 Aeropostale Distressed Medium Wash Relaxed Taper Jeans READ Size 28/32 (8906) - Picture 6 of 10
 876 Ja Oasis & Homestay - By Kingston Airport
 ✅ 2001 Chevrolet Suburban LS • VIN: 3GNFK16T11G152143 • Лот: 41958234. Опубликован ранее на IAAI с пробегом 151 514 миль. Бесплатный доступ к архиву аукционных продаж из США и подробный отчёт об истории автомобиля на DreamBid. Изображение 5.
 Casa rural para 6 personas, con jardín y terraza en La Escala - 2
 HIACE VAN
==
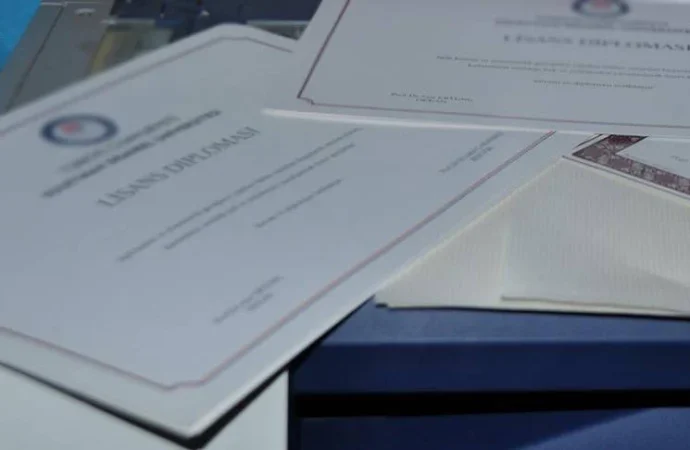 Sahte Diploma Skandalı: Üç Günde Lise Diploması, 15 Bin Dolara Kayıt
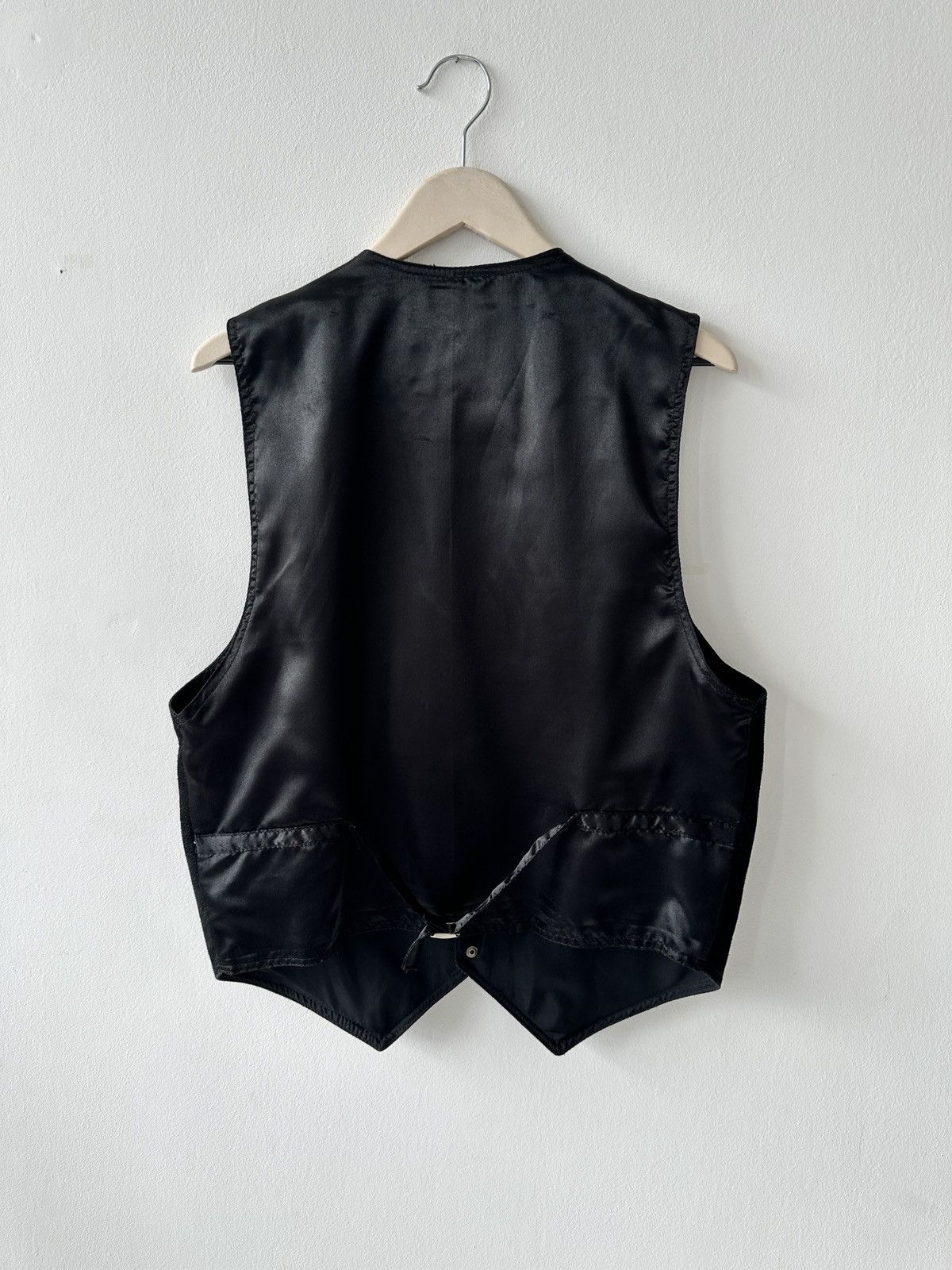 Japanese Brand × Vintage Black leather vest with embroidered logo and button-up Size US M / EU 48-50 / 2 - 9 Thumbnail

▶ [DIRECTIONS FOR THIS TASK]: The lines above, starting at the one with "Aeropostale Distressed Medium" and ending at the one with "876 Ja Oasis", are the only ones to return, exactly as written.

▶ [ANSWER BELOW]:
 Aeropostale Distressed Medium Wash Relaxed Taper Jeans READ Size 28/32 (8906) - Picture 6 of 10
 876 Ja Oasis & Homestay - By Kingston Airport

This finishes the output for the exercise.